* _ABOUT THIS EXERCISE_
The listing below must be duplicated in full, with nothing altered.

* _RAW DATA_
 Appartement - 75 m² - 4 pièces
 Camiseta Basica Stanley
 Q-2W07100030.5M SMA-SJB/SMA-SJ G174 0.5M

* _TASK RESULT_
 Appartement - 75 m² - 4 pièces
 Camiseta Basica Stanley
 Q-2W07100030.5M SMA-SJB/SMA-SJ G174 0.5M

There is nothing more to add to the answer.